Instagram: @carinachaz
Location: Los Angeles
Astrological Sign: Aquarius
Book that changed your life: The Alchemist
Podcast you can’t stop listening to: Goop
Instagram account you love to follow: @ritualofme
Beauty product (or treatment) that changed your skin: Using a gua sha tool with MARA Beauty Universal Face Oil, and retinol for hormonal breakouts
Bucket list travel destination: Japan
Carina Chaz isn’t your typical beauty founder. “I never was into beauty or hair, and I’m still not really into it,” she says. “I don’t wear makeup. I don’t do anything to my hair other than wash it and brush it right out of the shower. Fragrance has always been pretty much the only thing in beauty I care about.”

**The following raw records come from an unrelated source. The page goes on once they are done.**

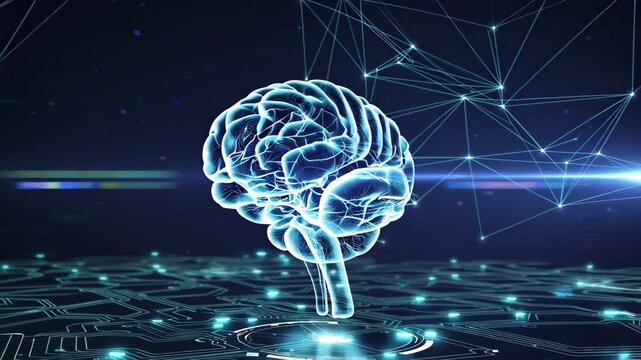 Medical 3D Human Brain Animation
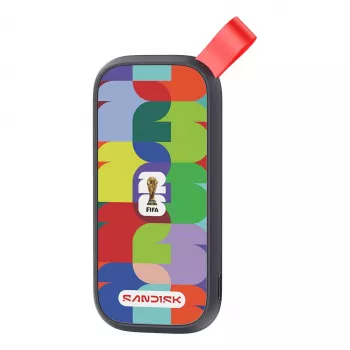 SanDisk - FIFA World Cup 2026 Edition - SSD - 1 TB - externo (portátil) - USB 3.2 Gen 2 (conector USB-C) (SDSSDE30F-1T00-G25)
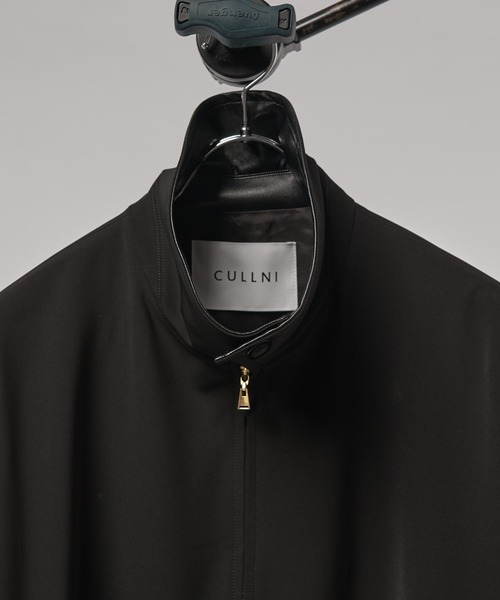 CULLNI ブルゾン アウター 襟レザー切替ZIPブルゾン exclusive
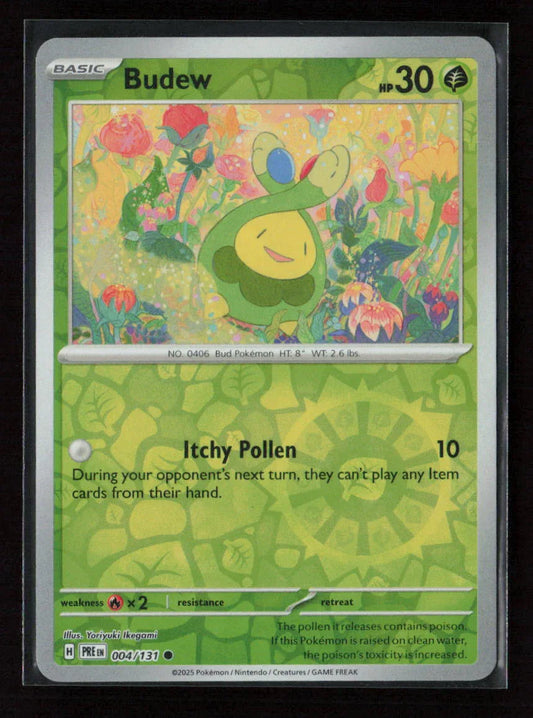 Budew Common SV: Prismatic Evolutions 004/131 NM - Kang's Collectibles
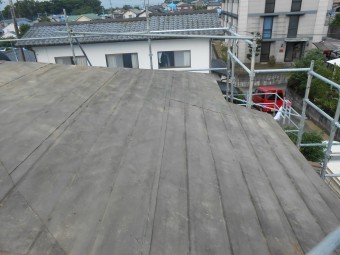瓦撤去 掃除完了後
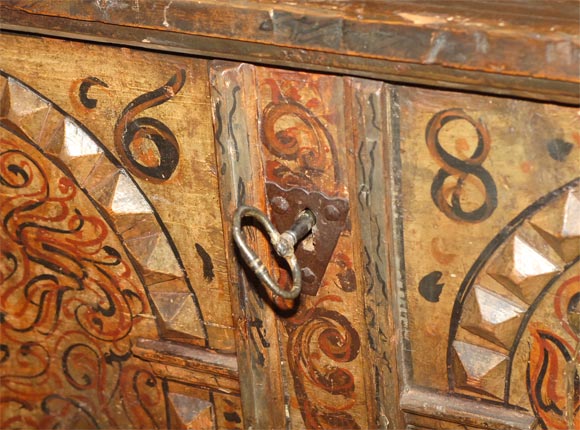 Wood Baroque Dowry Chest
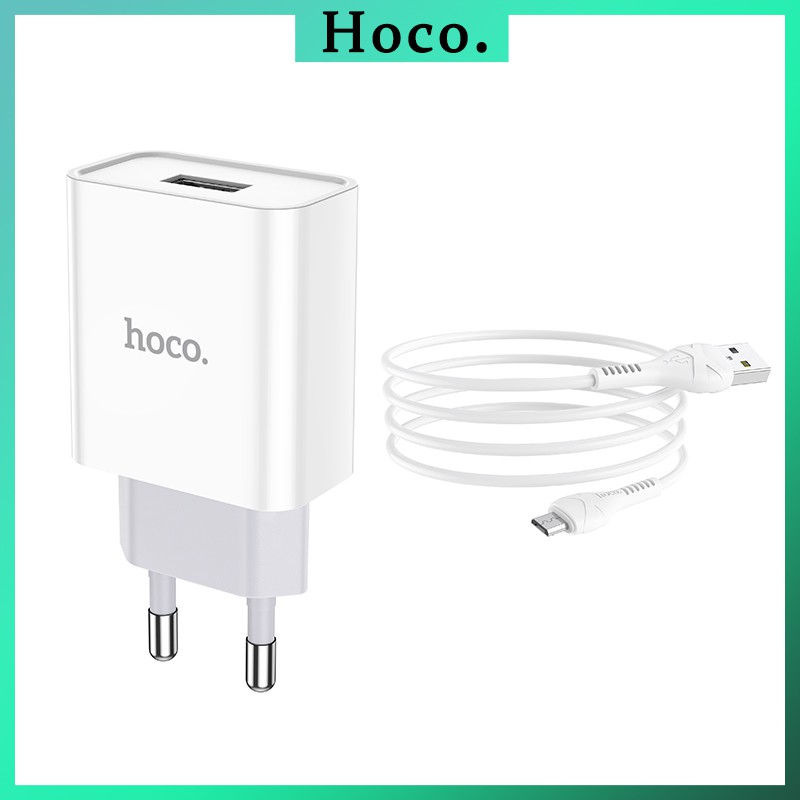 Bộ Củ sạc + cáp sạc Hoco C81A chính hãng sạc nhanh an toàn cho điện thoại Android,Iphone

That passion for fragrance led her to create DedCool, an impossibly chic fragrance brand with a line of complex, non-toxic, and unisex scents that are at once accessible and edgy. Basically, Chaz is just as her brand’s name suggests: she’s cool af.
JG
What was it like to launch DedCool?
CC
I never was into beauty or hair, and I’m still not really into it. I don’t wear makeup. I don’t do anything to my hair other than wash it and brush it right out of the shower. Fragrance has always been pretty much the only thing in beauty I care about, up until recently. DedCool really started as a passion project. I never had any intention of turning it into a business. Our growth is something I had never really anticipated. It’s pretty crazy. When I started the brand, I wanted to make fragrance for myself and to share with my friends or to share with people around me. I wanted to find a fragrance that I could be proud to wear. Fragrance is so personal and it speaks about who you are as an individual, and how you come off to the world as a part of your aesthetic and your style. Growing up, I was never allowed to wear the traditional fragrances, so I was like, “Okay, it’s up to me to make my own.” So I’ve been making fragrances since I was 13, just for fun. I don’t have any real training; I’m very self-taught, and I think that helps me stand apart from traditional fragrances. I love being that forefront because I’m a young individual and people, I think, appreciate that I have something to say that isn’t necessarily being talked about. Of course DedCool was built on being non-toxic and clean; it wasn’t just something that we started doing because it became a fad. People wanted to see transparency and they want to understand where the products come from.
JG
What was the first product that you launched?
CC
We initially launched with Fragrance 1 and Fragrance 2. We were supposed to be a fragrance company, but at the same time, I didn’t necessarily know how to compete with the Le Labos and Byredos of the world, so I wanted to offer something minimal and attainable. I walked into random stores, cold-called people and said, “Hey, my name is Carina. I’m 22. I started this fragrance brand. It’s all unisex, vegan, and non-toxic, which is something you really don’t see in fragrance, but they’re really beautiful, complicated scents.” I offered to sell it on consignment and a few stores were nice enough to give me the chance, and I would go in on the weekends and introduce it to customers. At that time, I was extremely, extremely shy because I didn’t know what I was doing. I didn’t go to business school; I went to art school. I didn’t really have an idea of where the path would lead me, but it was pretty cool to see some people’s responses. A few stores gave me the opportunity, and from there, I think it kind of gave me that confidence to really start creating more. I remember one of the stores reached out to me, this was like six months in. I probably had like five stores carrying my brand, if that, and I didn’t even have a working website. They said, “People love this. Maybe make more.” Then I created Fragrance 3, 4, and 5. Three-and-a-half years later, we have 10 fragrances. We have six chapsticks. We just launched our candles and our Milk layering oil. There’s so many things, and with every product that I launch, there has to be intention. Of course with that, it’s either education or sustainability, or just really speaking about what it means to use clean products and switch your regiment to be something a little more conscious.
JG
Where do you find inspiration for your fragrances?
CC
All of the fragrances are made for myself. As I’ve evolved, the fragrances have evolved, but I would never create something that wasn’t personal to me. Everything I create, I have to be 100% proud of and on board with. All of the scents I have worn myself at some point in time.
JG
What fueled your decision to offer only unisex fragrances?
CC
I’ve always been a little bit of an outcast within my friend group, and I’ve always been a little bit more mature. In the seventh grade, all my friends were wearing the Pink Sugar fragrance and I was like, “I can’t.” I hate that scent. It’s fine for whoever was wearing it, but I was like, “I do not want to wear this.”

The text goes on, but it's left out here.